Each line in the records below, from the one that contains "Apple Macintosh IIsi" to the one that contains "Das sah nicht", should be reproduced exactly, the first and last included.

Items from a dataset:
^^^^

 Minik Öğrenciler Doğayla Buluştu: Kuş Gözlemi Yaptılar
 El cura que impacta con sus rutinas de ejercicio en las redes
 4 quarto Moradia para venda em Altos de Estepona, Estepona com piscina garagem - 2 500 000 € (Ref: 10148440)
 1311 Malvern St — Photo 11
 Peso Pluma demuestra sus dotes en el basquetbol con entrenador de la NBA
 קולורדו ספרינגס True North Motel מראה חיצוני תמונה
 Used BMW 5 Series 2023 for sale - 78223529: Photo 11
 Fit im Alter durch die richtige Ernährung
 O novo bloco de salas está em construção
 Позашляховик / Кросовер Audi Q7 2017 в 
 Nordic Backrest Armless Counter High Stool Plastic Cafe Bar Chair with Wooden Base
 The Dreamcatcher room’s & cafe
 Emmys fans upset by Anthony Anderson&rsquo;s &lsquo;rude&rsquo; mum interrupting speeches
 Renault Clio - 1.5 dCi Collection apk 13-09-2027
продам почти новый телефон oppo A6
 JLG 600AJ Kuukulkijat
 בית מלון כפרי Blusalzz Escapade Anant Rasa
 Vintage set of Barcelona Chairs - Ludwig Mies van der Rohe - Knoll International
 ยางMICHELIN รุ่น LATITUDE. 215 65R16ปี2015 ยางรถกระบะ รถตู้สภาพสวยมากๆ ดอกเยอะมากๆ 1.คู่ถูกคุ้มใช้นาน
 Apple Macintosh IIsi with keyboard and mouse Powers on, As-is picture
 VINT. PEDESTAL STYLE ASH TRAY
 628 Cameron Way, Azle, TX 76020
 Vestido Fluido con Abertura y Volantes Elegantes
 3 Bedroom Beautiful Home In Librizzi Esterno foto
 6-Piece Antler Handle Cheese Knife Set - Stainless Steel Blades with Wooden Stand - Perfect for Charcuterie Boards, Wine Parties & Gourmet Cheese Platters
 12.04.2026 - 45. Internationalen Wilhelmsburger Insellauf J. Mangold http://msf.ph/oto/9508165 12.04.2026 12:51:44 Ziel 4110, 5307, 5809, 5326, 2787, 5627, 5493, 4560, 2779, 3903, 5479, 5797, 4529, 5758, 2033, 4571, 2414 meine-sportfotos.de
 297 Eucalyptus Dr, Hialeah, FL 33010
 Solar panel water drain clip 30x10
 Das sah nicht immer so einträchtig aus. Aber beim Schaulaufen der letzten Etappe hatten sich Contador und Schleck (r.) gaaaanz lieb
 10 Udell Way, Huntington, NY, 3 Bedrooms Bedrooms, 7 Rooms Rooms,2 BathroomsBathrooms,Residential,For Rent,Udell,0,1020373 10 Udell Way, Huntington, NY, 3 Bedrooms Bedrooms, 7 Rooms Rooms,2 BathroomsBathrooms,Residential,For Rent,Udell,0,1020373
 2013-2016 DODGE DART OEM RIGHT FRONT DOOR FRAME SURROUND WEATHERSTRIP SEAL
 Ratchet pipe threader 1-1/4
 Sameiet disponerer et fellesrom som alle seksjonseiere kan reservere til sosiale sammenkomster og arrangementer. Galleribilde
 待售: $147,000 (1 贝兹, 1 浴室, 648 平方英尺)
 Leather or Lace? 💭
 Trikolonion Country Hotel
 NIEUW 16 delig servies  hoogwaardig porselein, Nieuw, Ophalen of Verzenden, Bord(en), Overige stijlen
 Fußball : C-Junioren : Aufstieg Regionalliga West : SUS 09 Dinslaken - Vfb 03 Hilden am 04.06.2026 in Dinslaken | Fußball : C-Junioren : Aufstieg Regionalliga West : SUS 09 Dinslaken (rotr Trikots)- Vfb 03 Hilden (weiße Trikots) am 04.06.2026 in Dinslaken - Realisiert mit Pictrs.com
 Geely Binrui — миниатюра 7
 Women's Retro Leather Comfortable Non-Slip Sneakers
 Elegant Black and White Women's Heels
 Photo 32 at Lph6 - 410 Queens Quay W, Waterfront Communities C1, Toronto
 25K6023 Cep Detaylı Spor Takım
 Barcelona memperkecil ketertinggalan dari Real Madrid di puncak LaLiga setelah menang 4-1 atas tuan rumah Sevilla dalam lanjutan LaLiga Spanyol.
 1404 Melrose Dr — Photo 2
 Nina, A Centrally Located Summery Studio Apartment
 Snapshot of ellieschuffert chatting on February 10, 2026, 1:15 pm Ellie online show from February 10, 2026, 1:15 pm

^^^^

_Answer to the exercise_
 Apple Macintosh IIsi with keyboard and mouse Powers on, As-is picture
 VINT. PEDESTAL STYLE ASH TRAY
 628 Cameron Way, Azle, TX 76020
 Vestido Fluido con Abertura y Volantes Elegantes
 3 Bedroom Beautiful Home In Librizzi Esterno foto
 6-Piece Antler Handle Cheese Knife Set - Stainless Steel Blades with Wooden Stand - Perfect for Charcuterie Boards, Wine Parties & Gourmet Cheese Platters
 12.04.2026 - 45. Internationalen Wilhelmsburger Insellauf J. Mangold http://msf.ph/oto/9508165 12.04.2026 12:51:44 Ziel 4110, 5307, 5809, 5326, 2787, 5627, 5493, 4560, 2779, 3903, 5479, 5797, 4529, 5758, 2033, 4571, 2414 meine-sportfotos.de
 297 Eucalyptus Dr, Hialeah, FL 33010
 Solar panel water drain clip 30x10
 Das sah nicht immer so einträchtig aus. Aber beim Schaulaufen der letzten Etappe hatten sich Contador und Schleck (r.) gaaaanz lieb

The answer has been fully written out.